From a big-picture perspective, the Bills are now the better team in every sense but record: They’re No. 4 in Football Outsiders’ overall DVOA, while the Chiefs are sixth. The gap widens when we look only at weighted DVOA (which weights resent games more heavily), as Buffalo is No. 1 while Kansas City remains No. 6. The Chiefs have a small edge over the Bills in weighted DVOA on offense (third vs. fifth), but the Bills have sizable edges on defense (eighth vs. 24th) and special teams (second vs. 11th).
More importantly, the Chiefs are struggling mightily with situational football.
The Chefs rank dead last on defense in red-zone conversion rate and red-zone DVOA, while the Bills rank 13th and ninth. The Chiefs also finished dead last in short yardage on both sides of the ball, which is an edge you don’t want to give away to the Bills, who don’t put much emphasis on the run on either side of the ball but have been good in short-yardage defense (seventh) and respectable on offense (17th). And while both teams are top-five in DVOA on third/fourth-down offense, the Bills are also top-five on defense while the Chiefs rank 19th.

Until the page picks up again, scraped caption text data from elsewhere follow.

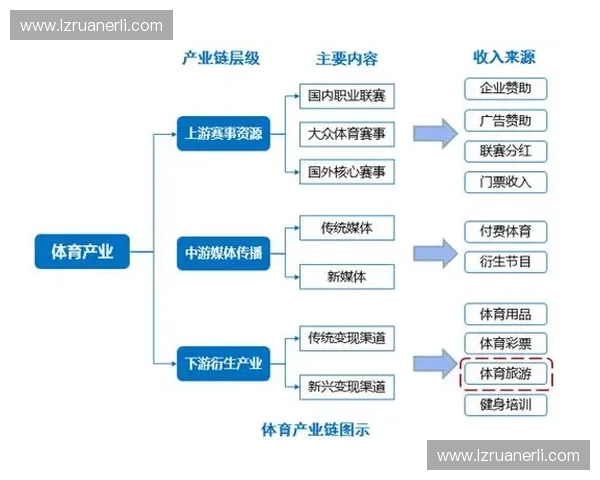 体育产业链全景分析与发展趋势探讨及市场潜力挖掘策略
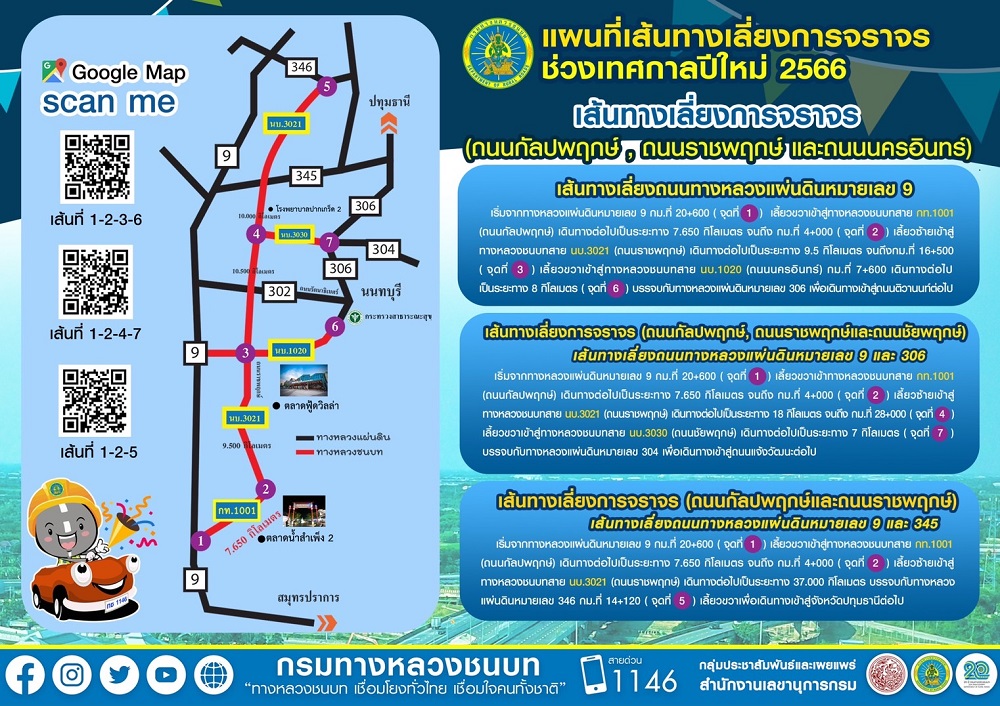 เส้นทางเลี่ยงการจราถนนกัลปพฤกษ์,ถนนชัยพฤกษ์ และถนนนครอินทร์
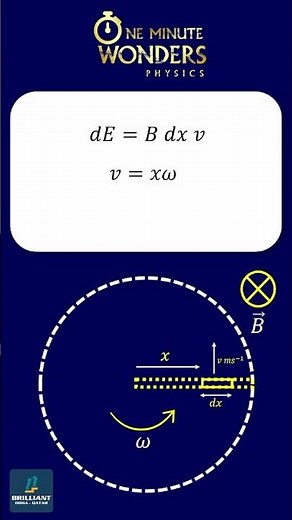 CBSE 12 Physics Motional EMF | Physics 1 Minute Wonders - Episode 1 | Electromagnetic Induction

Ultimately, it’s Kansas City’s defensive drop-off that is most concerning: It was sixth in pass DVOA in the first half of the season but 29th in the second half. And while the defense was set up well to defend a Browns offense featuring slot receiver Jarvis Landry as its biggest threat, the Chiefs could struggle against the Bills’ deeper receiving corps.
The Chiefs have been playing Tyrann Mathieu at deep safety much more over the second half of the season in place of the struggling Juan Thornhill, but used Mathieu closer to the line of scrimmage and in the slot against Landry last week. Mathieu gave up -4 yards on six targets with a pick overall, and Landry finished with 20 yards and a touchdown on 10 targets. But Kansas City’s cornerbacks allowed a catch on 15-of-18 targets for 153 yards and a touchdown.
Chiefs defensive coordinator Steve Spagnuolo has done a good job of scheming them help all season — they allowed the second-fewest yards to wide receivers during the regular season — mostly using two-deep shells. But if he plays two-deep man, he exposes himself to the threat of Josh Allen running, and the Bills can use four-wide looks to carve up the Chiefs in the vertical seams if they leave their cornerbacks close to the line and play two-deep zone.
On the other side of the ball, Buffalo blitzed Mahomes only once on 34 dropbacks (2.9%) in that first matchup. And despite his toe injury, the Bills will likely employ a similar game-plan rather than the blitz-heavy approach they used against the Ravens (30.0%). Buffalo improved from 16th in defensive DVOA over the first half of the season to seventh over the second half thanks to some schematic changes mostly made possible by the return of linebacker Matt Milano, who did not play due to injury in the Week 6 matchup.
While I wouldn’t expect Buffalo to have enough success to keep this game under the total on the basis of its defense, the Bills are now capable of getting a key stop or two that can allow them to keep them in striking distance to win what should be a coin-flip game that should clear the total. I like the over up to 55 points.
Freedman: Even with Mahomes expected to start, I like the under as the Chiefs and Bills combined for just 43 points in Week 6.
The Chiefs defense is schemed to prevent big plays on the perimeter and downfield: In the regular season, they allowed the fewest receptions (169) and second-fewest receiving yards (2,159) to wide receivers.
If the Bills are unable to advance the ball with an aggressive passing attack, they might fall back on the running and short-passing games to extend drives, which will slow the game down and help move the total to the under.
On top of that, Kansas City is a tough place to play. Under head coach Andy Reid, the under at Arrowhead Stadium is 41-28-1 (15.9% ROI, per our Action Labs database).
On top of that, the under in outdoor postseason games is 84-66-4 (8.5% ROI).